As you prepare for Halloween festivities tonight — maybe that involves these cute DIY treats from Preston Hollow pastry chef Kristen Massad — take a moment to brush up on some of our neighborhood’s ghost stories.
In our October 2011 issue, we illuminated the creepier sides of Preston Hollow. For many of us, these are just fun stories we tell each other around this time of year. But for true believers of the supernatural, it’s much more. (Go here to read the full stories.)

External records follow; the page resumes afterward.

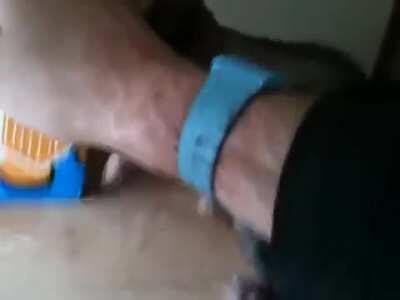 Proud mama ferret shows her babies to the owner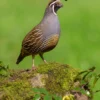 California Quail Notecard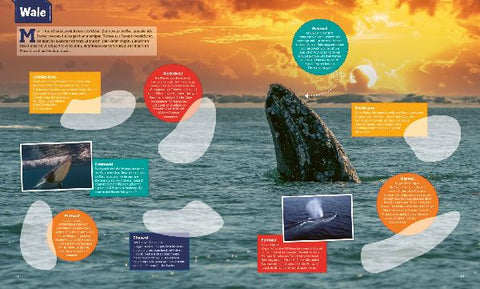 9783788676384 - Sample content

Take, for instance, the pioneer spirits of Preston Road:
Claudette Brott leads the Dallas Historical Society’s annual ghost tour of famed locations such as the Adolphus Hotel Downtown. During the 1960s, her late husband lived at Preston and Waggoner just south of Royal in a house said to be haunted by pioneer spirits. At night, he’d peer out the window to see an entire family dressed in 1800s clothing sitting around a campfire. Other times, they would be making their way north on Preston, covered wagon and all.
“They looked at him like he was the intruder. Then, they disappeared. I don’t doubt that that’s what it was. He was like me,” Brott says, meaning her husband was more sensitive toward seeing ghosts.
Brott says she sees them all the time, although she’s quick to point out her uncertainties about some stories passed down through the years, such as the pioneer spirits that have been reported in Far North Dallas between Belt Line and Spring Valley.
“People say they’ve seen the ghost of a man holding a lantern,” she says. “But I haven’t been able to validate that one.”
Then, there’s the ghost of Vick Clesi’s mother, who haunts his house at Stephanie and Hillcrest:
Clesi and his wife Janet were sitting at the dining room table, discussing what to do with his mother’s things. He remembers saying, “My mother wouldn’t be happy with that,” but doesn’t recall the item in question.
“Then I heard a big boom like a gun went off in the other room,” Clesi says. “It looked like a bullet had hit the sliding glass door … The outside was not cracked. It came from inside the house. It obviously was the ghost of my mother. I had never particularly believed in spirits hanging around and neither did my wife. But there’s not much doubt in my mind that that’s what was going on.”
And, who can forget the friendly spirits that hung around Olla Podrida Mall?
“You could hear them murmuring, but you couldn’t tell what they were saying,” says Vickie Francis.
For 23 years, Francis and her husband, Roger, owned a little store inside the mall called The Front Porch, making ivory carvings and sand candles. The couple has since relocated to the Fort Worth Stockyards.
“I didn’t believe in ghosts until I moved into Olla Podrida,” she says. “Now, I believe in them very strongly.”